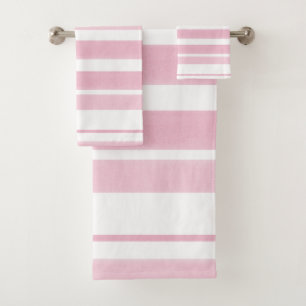 Weiche rosa weiße Streifen Badhandtuch Set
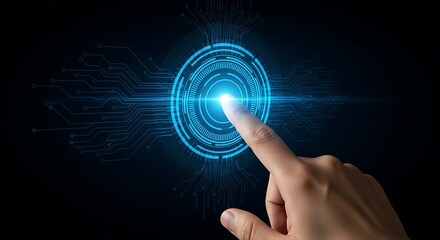 Finger Interacting With Futuristic Technology Interface, Exploring Digital Connectivity and Data Processing on a Modern Network.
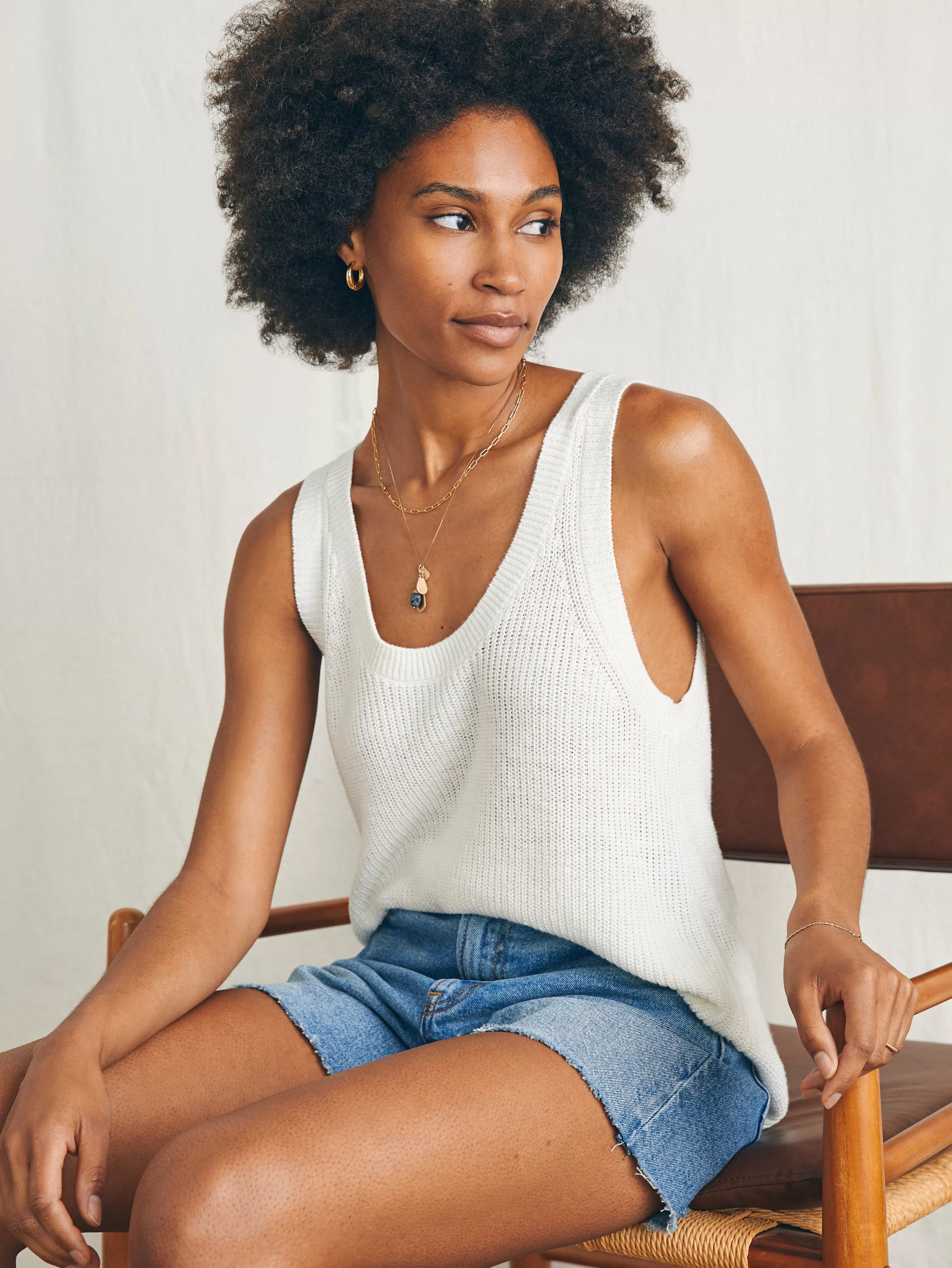 Miramar Linen Scoop Neck Tank - | Faherty Brand Cheap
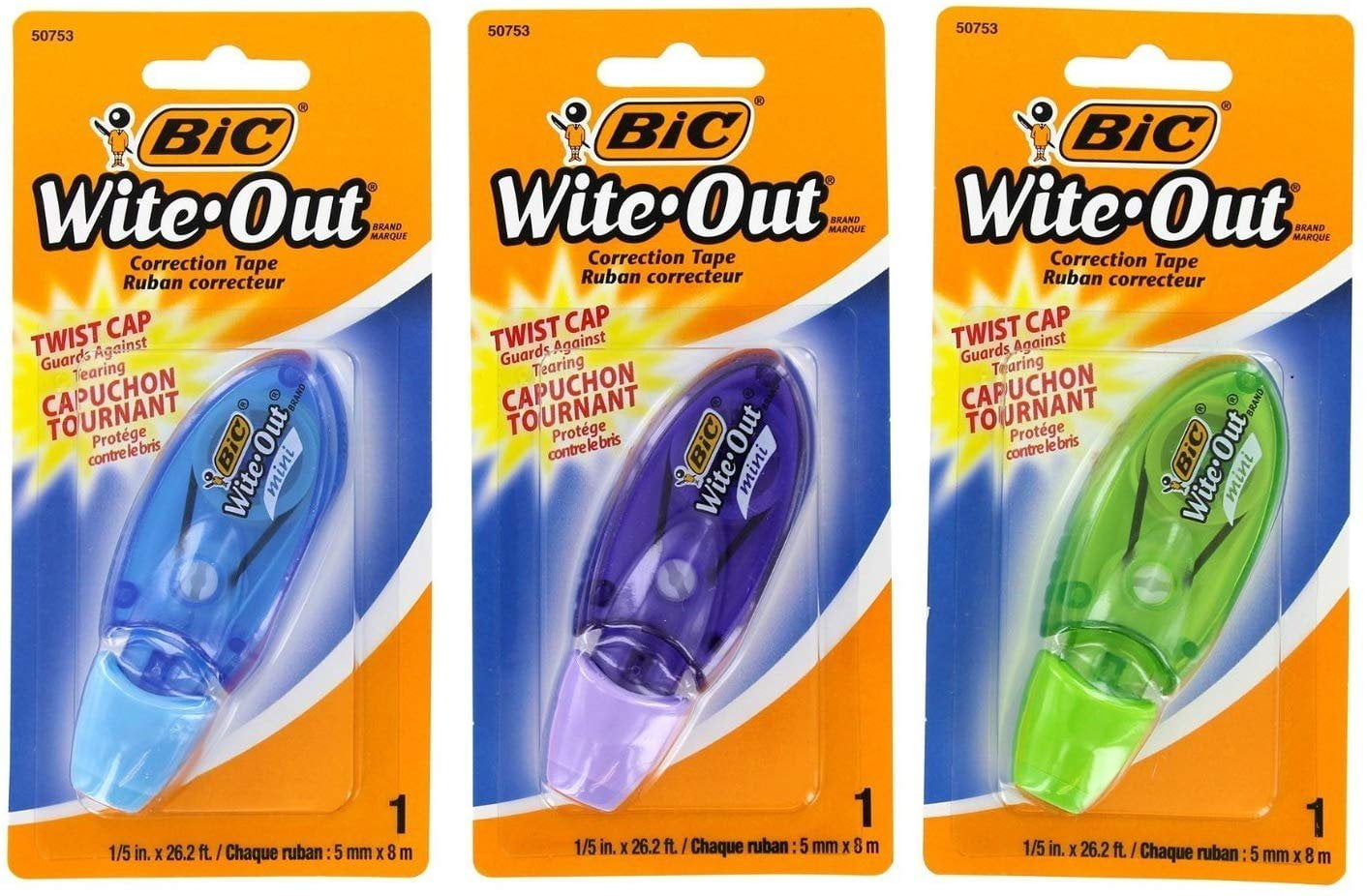 Wite-Out Brand Mini Correction Tape, Non-Refillable, 0.2" x 26.2 ft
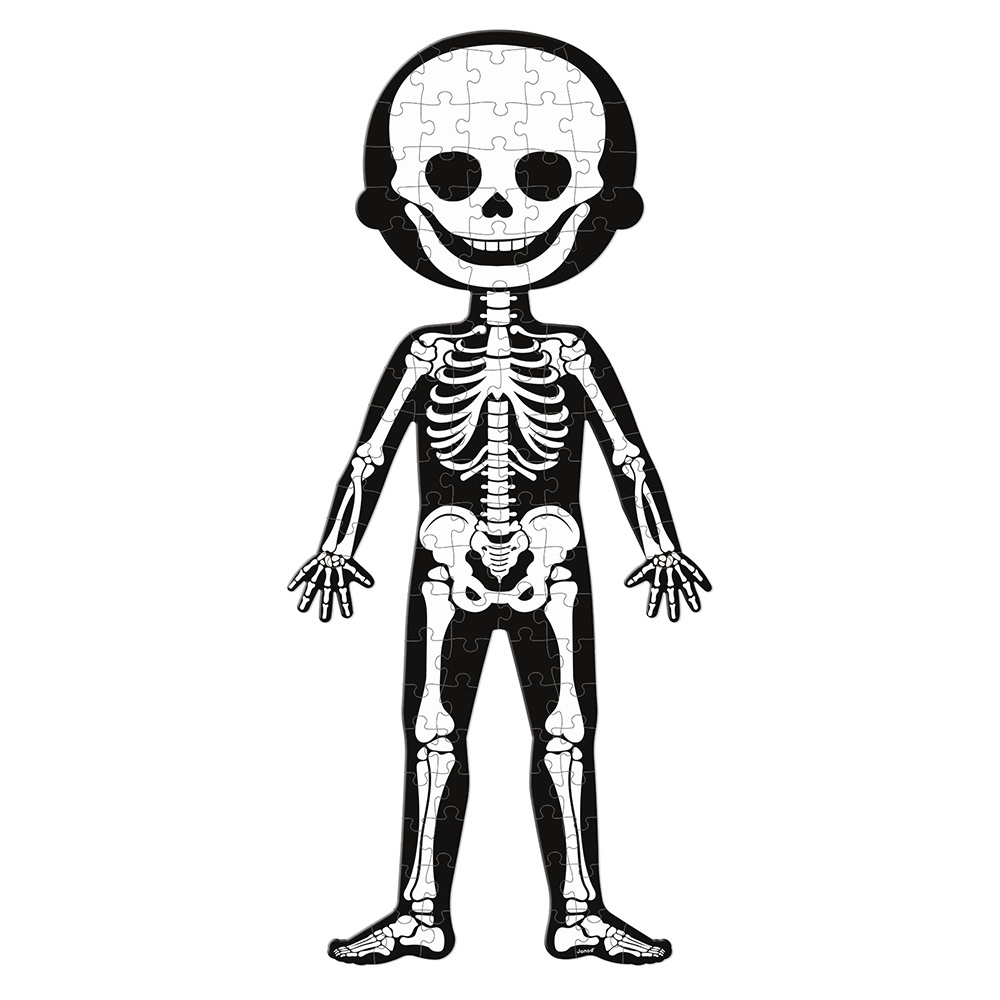 Ein Puzzle eines Skeletts mit einem grinsenden Gesicht auf weißem Hintergrund.
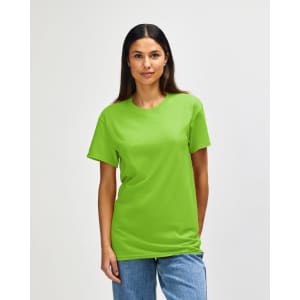 A heavy cotton adult T-shirt in vibrant lime green, featuring a logo on the front.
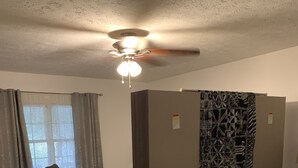 Un salon avec un canapé, une table à manger et un rideau à motifs.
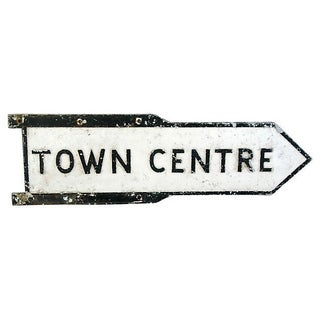 Large European Cast Metal Town Centre Center Sign For Sale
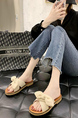 Brown and Off White Fabric Open Toe Platform Sandal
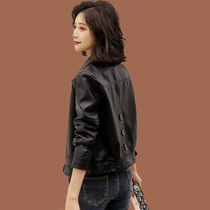 Haining leather leather women short 2021 Spring and Autumn New Korean loose casual sheep jacket small coat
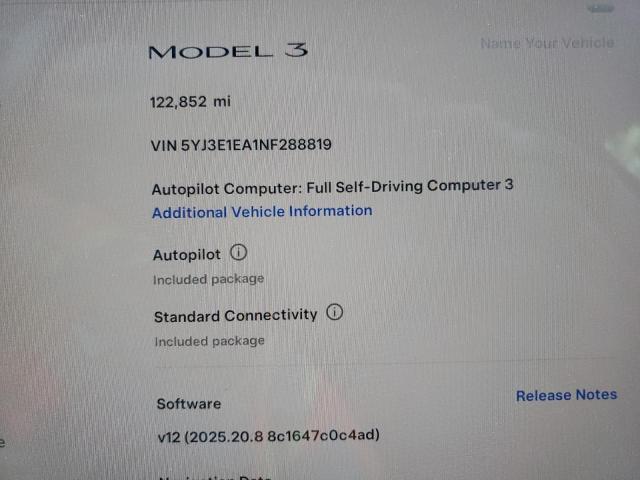 5YJ3E1EA1NF288819 - 2022 TESLA MODEL 3 GRAY photo 9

..........

**Task statement:** Where a picture appears, omit it; otherwise reproduce each line above from the first to the one with "Un salon avec", inclusive.

**Your solution:**
 Weiche rosa weiße Streifen Badhandtuch Set
 Finger Interacting With Futuristic Technology Interface, Exploring Digital Connectivity and Data Processing on a Modern Network.
 Miramar Linen Scoop Neck Tank - | Faherty Brand Cheap
 Wite-Out Brand Mini Correction Tape, Non-Refillable, 0.2" x 26.2 ft
 Ein Puzzle eines Skeletts mit einem grinsenden Gesicht auf weißem Hintergrund.
 A heavy cotton adult T-shirt in vibrant lime green, featuring a logo on the front.
 Un salon avec un canapé, une table à manger et un rideau à motifs.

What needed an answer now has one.